Extended Data Fig. 1
Extended Data Fig. 1. The workflow of this research.
We used Whole-Genome Sequencing (WGS) data for 686 Aedes spp. mosquitoes to assess: 1) population structure, 2) genetic divergence, and 3) signals of genomic selection between the domestic Aedes aegypti aegypti (Aaa) and the generalist Aedes aegypti formosus (Aaf) mosquitoes. Left panel: data collection includes 581 WGS sequences publicly available and the sampling/sequencing of 105 mosquitoes from 7 localities, which were also analyzed for sex determination and species identity. Following mapping of WGS to reference genomes, identification of SNPs was performed with two Variant Callings over a custom “golden SNPs dataset”. Middle panel: after filtering of SNP datasets, SNP statistics and genetic diversity were estimated to analyze population structure, phylogenetic relationships and genetic differentiation across populations. Right panel: Candidate adaptive variants were predicted at two scales: (1) ‘globally’ grouping populations from Africa, out-of-Africa and African mosquitoes behaving like ‘Aaa’ (from RABd, NGY and THI populations), which most likely explain the historical switch from ‘Aaf’ to ‘Aaa’ behaviors in Ae. aegypti; and (2) ‘locally’ on each population, which most likely reflect a mix between the historical switch from ‘Aaf’ to ‘Aaa’ and “local adaptations” due to recent environmental and anthropogenic pressures. Three different and complementary methods were used for prediction of adaptive outliers: (1) RAiSD predicts hard selective sweeps; (2) PCAdapt identifies SNP-outliers concerning population structure; and (3) McDonald-Kreitman test (MKT) and its derived Direction of Selection statistic (DoS) estimate gene selection by contrasting polymorphism and divergence data from the closest outgroup Ae. albopictus. By intersecting the strongest predictions of the global approach in out-of-Africa populations from the three methods, a consensus set of robust adaptive outliers mapping 186 genes is called “Aaa molecular signatures”, 68 of which harbor 483 nonsynonymous variants predicted as significant “Aaa markers”. Functional assignments and GO-enrichments were performed over robust predicted and curated annotations, followed by estimation of ancestral standing variation across the adaptive variants predicted by each selection method.
Extended Data Fig. 2
Extended Data Fig. 2. Nix gene identification and SNP counts for females and males across Ae. aegypti populations.
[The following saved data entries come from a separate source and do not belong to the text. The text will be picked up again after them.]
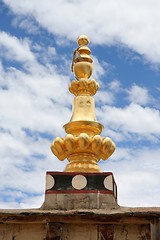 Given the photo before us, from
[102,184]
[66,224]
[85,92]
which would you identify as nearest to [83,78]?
[85,92]

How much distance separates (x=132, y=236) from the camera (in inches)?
314

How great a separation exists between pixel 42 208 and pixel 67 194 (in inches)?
20.0

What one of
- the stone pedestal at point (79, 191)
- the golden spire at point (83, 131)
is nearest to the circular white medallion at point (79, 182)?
the stone pedestal at point (79, 191)

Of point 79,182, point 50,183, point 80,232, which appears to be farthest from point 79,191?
point 80,232

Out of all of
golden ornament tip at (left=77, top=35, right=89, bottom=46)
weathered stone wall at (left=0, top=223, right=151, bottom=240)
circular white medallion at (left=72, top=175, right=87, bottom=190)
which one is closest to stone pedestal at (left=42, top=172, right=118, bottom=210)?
circular white medallion at (left=72, top=175, right=87, bottom=190)

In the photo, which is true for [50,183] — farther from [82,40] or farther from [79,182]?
[82,40]

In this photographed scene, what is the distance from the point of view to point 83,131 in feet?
32.4

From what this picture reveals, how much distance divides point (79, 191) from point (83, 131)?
1.59 metres

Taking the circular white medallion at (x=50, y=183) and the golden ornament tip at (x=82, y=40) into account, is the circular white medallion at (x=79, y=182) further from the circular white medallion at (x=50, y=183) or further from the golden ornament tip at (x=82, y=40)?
the golden ornament tip at (x=82, y=40)

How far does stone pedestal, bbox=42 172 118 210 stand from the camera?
28.1 feet

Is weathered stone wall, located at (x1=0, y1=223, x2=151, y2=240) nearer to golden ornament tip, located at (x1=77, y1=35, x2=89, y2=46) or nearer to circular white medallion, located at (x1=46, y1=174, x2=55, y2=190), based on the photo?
circular white medallion, located at (x1=46, y1=174, x2=55, y2=190)

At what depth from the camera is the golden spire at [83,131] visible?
9.38 m

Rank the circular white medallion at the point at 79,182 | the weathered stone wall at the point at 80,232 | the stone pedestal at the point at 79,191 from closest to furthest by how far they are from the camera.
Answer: the weathered stone wall at the point at 80,232 → the stone pedestal at the point at 79,191 → the circular white medallion at the point at 79,182

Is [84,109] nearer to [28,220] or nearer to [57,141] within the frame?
[57,141] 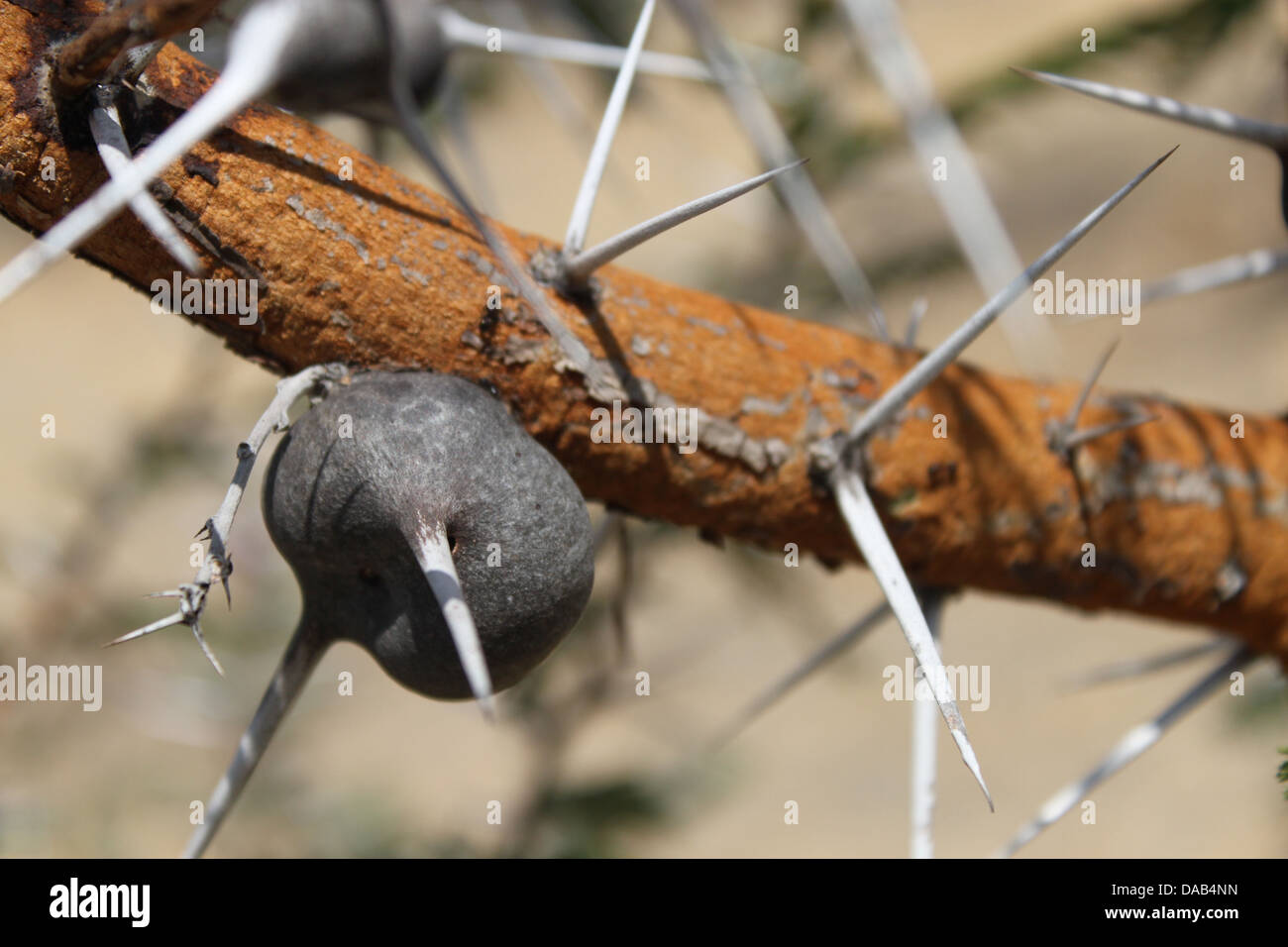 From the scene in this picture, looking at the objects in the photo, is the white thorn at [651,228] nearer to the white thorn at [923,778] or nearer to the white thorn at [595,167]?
the white thorn at [595,167]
(a) PCR results using Nix-specific primers in males (lanes 1 and 2), mated (lanes 3 and 4) and virgin (lane 5 and 6) females. Each lane is the amplification product of the DNA of one individual mosquito; each DNA was amplified once with a nested PCR. The expected product was 320 base pairs (bps) for the first PCR reaction and 212 bp for the second (N) PCR reaction. Results of the first and second amplifications are shown in adjacent lanes for each tested sample. The amplification results from the DNA of the two tested males and the two tested mated females were the same. We did not observe any amplification from the DNA of the two tested virgin females nor from the negative control (-N). (b) SNPs counting distribution (Y-axis) for females and males for each population (X-axis), grouped by their corresponding country (top headers, see abbreviations of population names in Fig. 1 and Supplementary Table 1). The middle line, bottom and top of the box show the mean, 25th and 75th percentiles, respectively; whiskers present the minima and maxima of data points.
Extended Data Fig. 3
Extended Data Fig. 3. Distribution of SNPs density and Tajima’s D scores across the Ae. aegypti genome and populations.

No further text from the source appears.